Au total, environ 80 élèves sont scolarisés sur l'ensemble du regroupement, dont une quarantaine à Tardets-Sorholus. La décision de suppression semble faire suite à une baisse ponctuelle des effectifs, liée principalement au départ d'élèves vers la classe de sixième, avec peu d'arrivées annoncées pour l'année prochaine. « Mais l'administration ne se projette pas sur les années suivantes », regrette Pascal Leonardi, soulignant ainsi le manque de vision à long terme.

Pour les familles, la suppression de ce poste aurait des conséquences graves, notamment dans des classes à plusieurs niveaux où l'accompagnement individuel des élèves constitue déjà un défi majeur. « On nous parle souvent de priorité donnée à l'école primaire et de revitalisation des territoires ruraux, mais cette décision va à l'encontre de ces objectifs », estime le représentant des parents.

Une mobilisation active et des actions concrètes

Face à cette menace, les parents d'élèves ont décidé de se mobiliser activement.
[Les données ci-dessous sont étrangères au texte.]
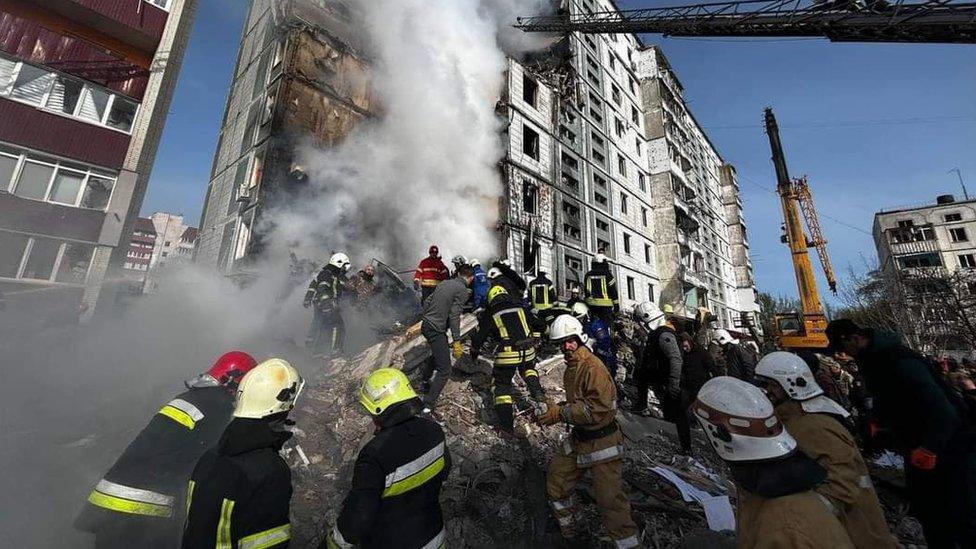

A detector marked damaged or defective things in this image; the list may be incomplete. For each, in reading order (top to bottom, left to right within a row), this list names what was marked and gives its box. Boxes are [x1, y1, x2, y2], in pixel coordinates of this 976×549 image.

Plusieurs actions sont envisagées pour alerter la population et les autorités :

  • Organisation de rassemblements publics pour exprimer leur opposition.
  • Mise en place d'affichages informatifs dans les communes concernées.
  • Actions de sensibilisation pour informer sur les enjeux de cette suppression.

Parallèlement, les élus des 13 communes du SRPI doivent rencontrer l'inspection de l'Éducation nationale le 23 mars, tandis que les parents d'élèves seront reçus le 24 mars. La décision finale est attendue pour le 30 mars, laissant peu de temps pour faire entendre leurs voix.

Une pétition pour le maintien du poste

Pour amplifier leur mouvement, une pétition en ligne a été lancée afin de demander le maintien du poste d'enseignant de français. Cette initiative vise à rassembler un maximum de soutiens et à démontrer l'importance de cette question pour la communauté éducative et les habitants de la région. La mobilisation dépasse ainsi le cadre strictement local pour toucher un public plus large, sensible aux enjeux de l'éducation en milieu rural.

Cette situation met en lumière les tensions entre les impératifs budgétaires et les besoins réels des territoires ruraux en matière d'éducation. Elle interroge également sur la capacité des institutions à adapter leurs décisions aux spécificités locales, notamment dans des contextes où la démographie et la géographie posent des défis uniques. L'issue de cette mobilisation pourrait avoir des répercussions significatives sur l'avenir de l'école à Tardets-Sorholus et, par extension, sur d'autres établissements ruraux confrontés à des problématiques similaires.